William's good mood from driving up earlier was shot. He felt uneasy; anxious, even. Pony was up. She was down. In and out of the house. He wished she'd just sit still and tell him what was up. He looked out at the water. The surface was still alive with tiny white
caps. The cold water would calm him down. It would suck the annoyance right out of him.
“I'm taking a refresher lifesaving course at the town beach. I figured I'd better, what with Andrew,” Pony said.
He was so glad to hear this. Everybody would be glad to hear it. Pony was a great mother, if you asked him, but anything that made her more conventional as a mother was going to make the rest of the family happy. “That's just great,” he said.

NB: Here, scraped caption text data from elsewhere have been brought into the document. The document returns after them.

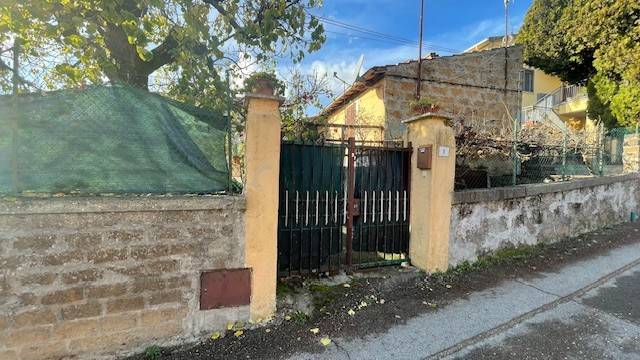 Casa indipendente con box, Civita Castellana centro storico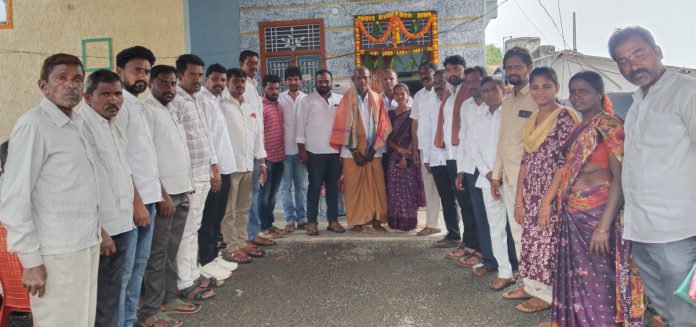 ఇందిరమ్మ లబ్ధిదారునికి ఘన సన్మానం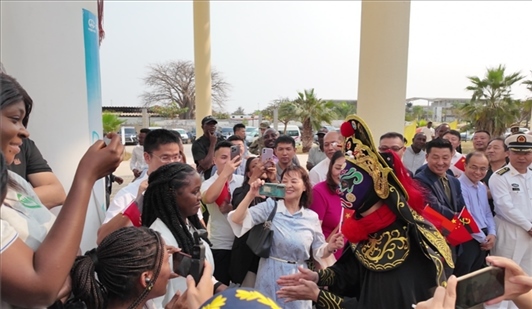 川劇變臉《蜀風(fēng)妙韻》。內(nèi)圖大學(xué)孔子學(xué)院供圖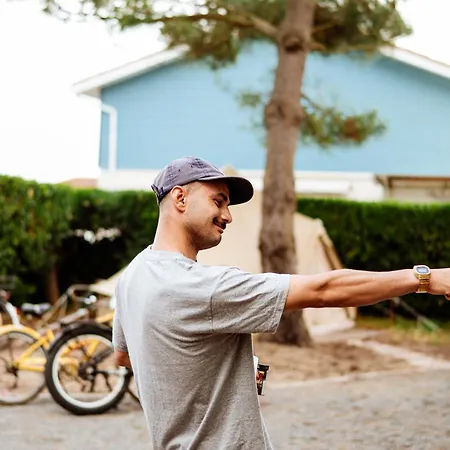La Maison Léon Hostal *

“I haven't forgotten much.”
“Like riding a bicycle,” he said. All the Carteret kids had taken the lifesaving and water-safety-instructor courses over at the town beach the summer they were old enough. Their mother had insisted on it because she herself hadn't learned to swim until she was an adult, and she was a very nervous swimmer. She didn't care if they ever used it, if they ever got lifesaving jobs or saved anybody. No, she just wanted them to know how. The town beach lessons were famous for something called the drowning game. It should be illegal, William thought, but it was part of the Lake Aral program. The way it worked? Everybody swam into deep water at once, the whole class of twenty or thirty kids. They'd tread water for a minute or so, adrenaline going, and at the signal, each of them was to attack someone else, get the person into a hold, and swim him to shallow water. The object was to drag as many people to shore as you could. If somebody dragged you in, you lost and had to get out of the water. The last one in the water was the winner. William won it his year. He'd been fifteen, and he'd spent the winter building his upper body with weights, standing before his mirror. He'd put on twenty-three pounds that year, all muscle. Pony had won the drowning game her year, too. His sister Mira had allowed herself to be rescued right away so she could sit the whole thing out. Tinker had tried, but she had been one of the early ones to be pulled out.